Она сидела совсем рядом, поставив локти на стол, подперев подбородок ладонями и изучающе глядя на меня несоразмерно широко расставленными темно-синими сапфировыми глазами.
— Мюриэл Чанлер умерла, — сказала она как о чем-то само собой разумеющемся.
— Я знаю.
— Ты ее видел? Дядя говорит, что ты там был.
— Не видел.
— Дядя говорит, что в полиции тебя били и пытали.
— Они добивались, чтобы я признался… нет, не признался, а сказал, что это сделал доктор.
— Но ты не сказал.
— Это была неправда.
Она не переставала смотреть на меня. Я помешал остывший суп.
— Они собираются устроить на него охоту, — сказала она.
— Кто?
— Монстрологи. Ну, не все; только те, кого дядя специально отобрал для этого дела. Они придут сегодня вечером, чтобы наметить план боевых действий. Я сказала маме, что останусь здесь. Она думает, что я хочу составить тебе компанию. «Генри, этот одинокий маленький мальчик», как она тебя называет. «Бедный сиротка, приставший к этому ужасному человеку». «Этот ужасный человек» — это твой доктор.
По какой-то причине рана под повязкой начала страшно чесаться.
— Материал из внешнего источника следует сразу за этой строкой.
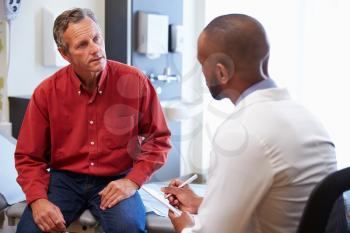 Male Patient And Doctor Have Consultation In Hospital Room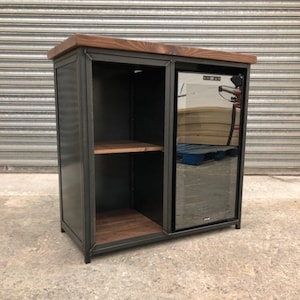 May include: A black metal bar cabinet with a wooden top and a built-in wine cooler. The cabinet has two shelves and a sliding door. The wine cooler has a glass door.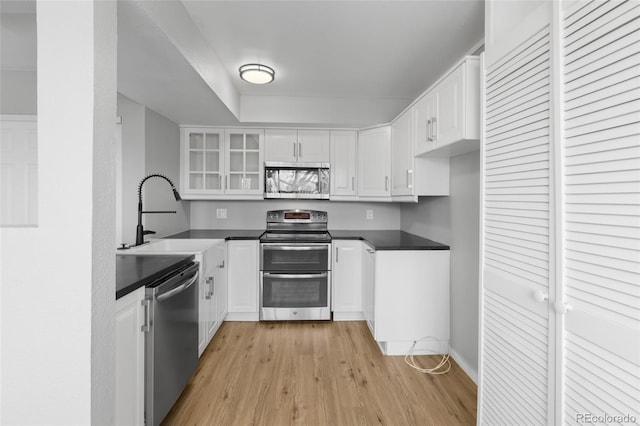 13633 E Yale Ave Unit B, Aurora, CO 80015 - kitchen with appliances with stainless steel finishes, a sink, dark countertops, light wood-style floors, and white cabinetry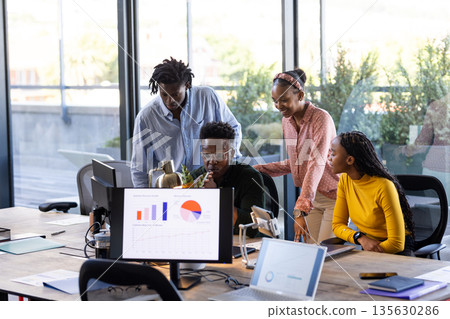 Collaborating on project, African American team using laptops and charts in office Collaborating on project, African American team using laptops and charts in office 135630286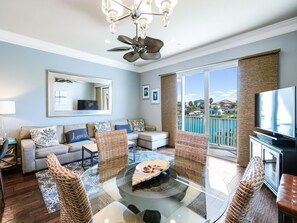 A modern living room with a glass coffee table, wicker chairs, a sofa with patterned cushions, a large mirror, and a television. - Paradise Cove Townhome 145-3 - Premium Waterfront Community (Clearwater Beach)
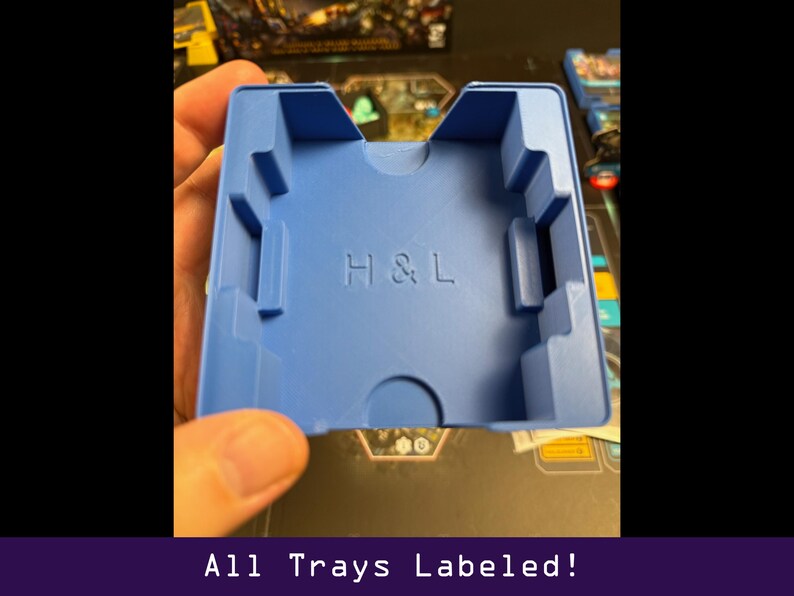 Peut inclure: Un plateau de jeu en plastique bleu avec les lettres en relief "H & L". Le plateau est de forme rectangulaire avec plusieurs compartiments et d&eacute;coupes. Le texte "All Trays Labeled!" est au bas de l'image.
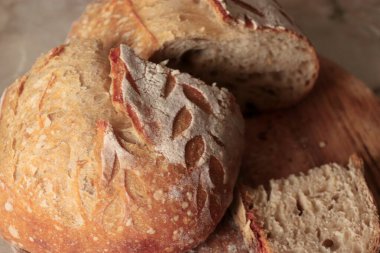 Dekoratif kesimli zanaatkar ekmeği ve ahşap bir yüzey üzerindeki gözenekli ekmek kırıntısı fırın markası için idealdir.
Я напряг все свои силы, чтобы сдержаться и не вцепиться в нее ногтями.
— Это не все ложь, — сказала Лилли. — Ведь вот я здесь, составляю тебе компанию! Ты ведь на меня не злишься? Ты ведь знаешь, я не хотела, чтобы так случилось. Я не издевалась. Я честно не знала, что у них нельзя определить пол, пока Адольфус мне не сказал. Он его убил, ты знаешь. Не Адольфус — твой доктор. Адольфус сорвал его с тебя, а доктор Уортроп разорвал его на куски голыми руками, как будто разозлился на червя, как будто червь напал на него. Я не думаю, что это было правильно, а ты? Я имею в виду, что это не была вина Смертельного Червя. Он просто был тем, кем он был.